J’ai acheté mon billet sur un coup de tête. Mon «YOLO en mode SOLO» a pris le dessus. Qu’est-ce que je faisais ici toute seule? Ce n’était pas le «ici» qui me dérangeait, mais bien le «toute seule». Pourquoi avons-nous si peur de la solitude dans une foule?
Il y a la question de la sécurité.
Si je me cassais le funny bone pendant une performance enflammée dans un mosh pit (déf: danse violente contrôlée), j’apprécierais pleurer de douleur dans les bras d’un(e) ami(e). Il y a aussi une question de gêne. Quand ta chanson préférée casse les haut-parleurs, c’est comme lorsqu’elle joue dans un bar. Tu cries que c’est ta toune et tu te la joues Céline à Vegas. Par contre, j’étais seule à échauffer mes cordes vocales au concert.
Je me demandais si j’allais supporter ma solitude adéquatement. Que je n’allais pas trouver le concert ennuyant, que j’allais aimer me déchaîner tout en restant low profile le plus possible. Je dois dire que l’attente avant la première partie était plutôt pénible. Je voulais garder mes batteries de cellulaire pour prendre des photos et vidéos de Monsieur the Creator. Je ne pouvais pas avoir les yeux rivés sur ma technologie pendant tout ce temps.
J’ai pratiqué une activité qu’on ne fait plus: j’ai regardé les gens.
J’observais le monde qui parlait. Le monde qui n’était pas ajeun. Le monde qui s’apprêtait à ne plus être à jeun. Parce que selon eux, ce n’est pas amusant d’assister à un concert sans sa gang et encore moins sans avoir ingurgité des substances illicites a priori. Je n’étais pas accompagnée et je n’avais même pas une bière-trop-chère entre les mains. Dios Mios, comment allais-je survivre jusqu’à la fin du concert?
The Simple Life
Le concert a enfin commencé.

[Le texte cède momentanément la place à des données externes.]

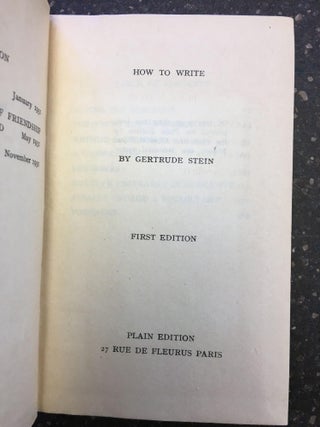 HOW TO WRITE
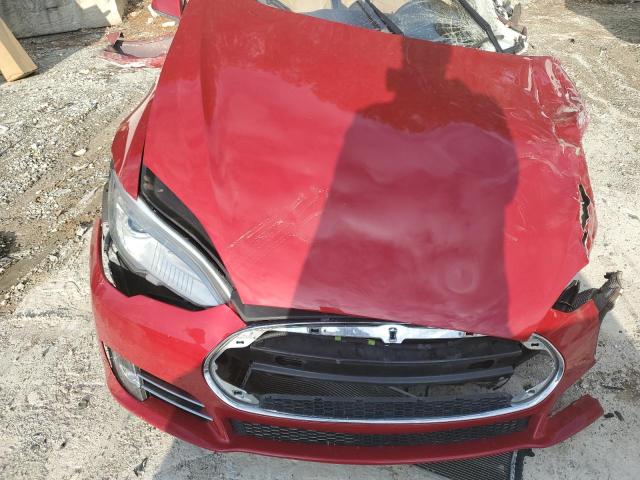 5YJSA1CP2DFP13784 - 2013 TESLA MODEL S Կարմիր լուսանկար 11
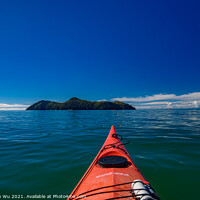 Buy canvas prints of Kayaking in Abel Tasman National Park, South Island, New Zealand by Chun Ju Wu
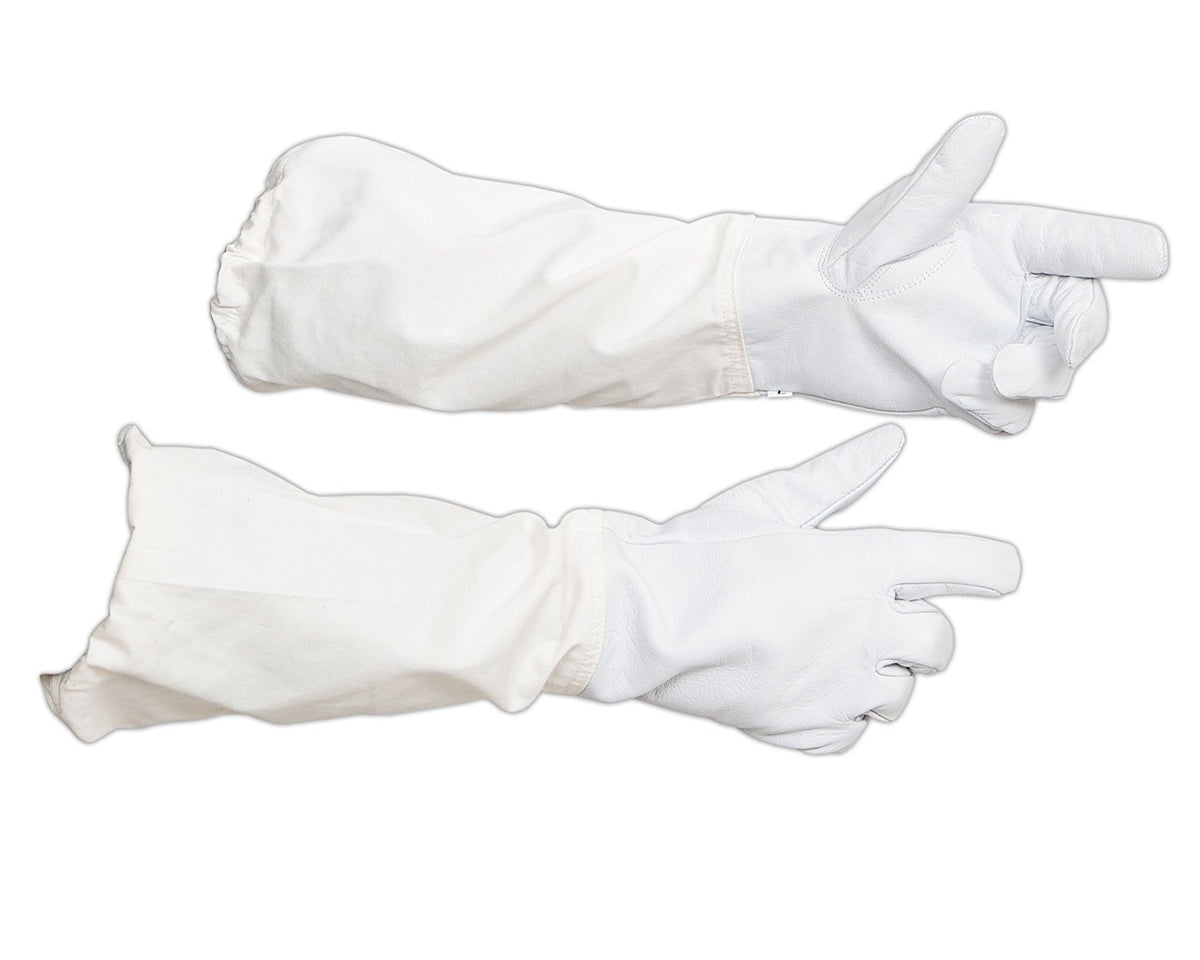 FOREST BEEKEEPING SUPPLY premium goatskin leather for lasting wear in the field.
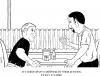Cartoon: In the diner (small) by Penguin_guy tagged diner,restaurant,kitchen,kueche,sauberkeit,essen,dinner,lunch,thomas,baehr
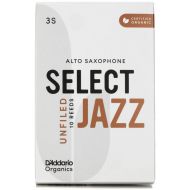 D'Addario Organics Select Jazz Unfiled Alto Saxophone Reeds - 3 Soft (10-pack)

Tous les scénarios de «moi trop mal à l’aise en solitaire» que je m’étais construit dans ma tête étaient complètement erronés. Je m’imaginais regretter mon achat et retourner frustrée d’avoir gaspillé une somme qui aurait pu être investie ailleurs. Mes impressions fictives étaient entièrement fausses.
Je n’ai jamais autant apprécié un concert.
Je me suis retrouvée à crier comme une dévergondée et à me fondre dans le moule esthétique de la foule (chose que je ne croyais pas faisable avec mon une pièce trop swell). Je faisais partie de la gang peu importe mon habillement, peu importe mon taux d’alcool ou de drogue dans le sang.
Tyler s’est effectué, fidèle à sa vulgarité. Les barrières de la gêne sont tombées et mes doigts honoraient bien les paroles explicites du rappeur. J’ai poussé des jocks dans le mosh pit (j’ne fais pas les choses à moitié quand «j’vire sur l’top») et je me suis époumonée à sa dernière chanson, qui était aussi ma préférée. J’ai dépensé de l’énergie pour quinze même si je n’étais pas entourée de quatorze autres individus.
J’ai vécu le moment de manière simple. Tellement simple, que je n’étais pas accoutrée en conséquence et n’avais encore moins de substances toxiques pour venir «enjoliver» mon moment présent. Je ne suis pas Paris ni Nicole et encore moins fo-folle. J’ai seulement constaté qu’il est possible d’avoir du plaisir seul(e) dans une foule (ou dans une jungle).
Et je ne pense pas être seule à le penser.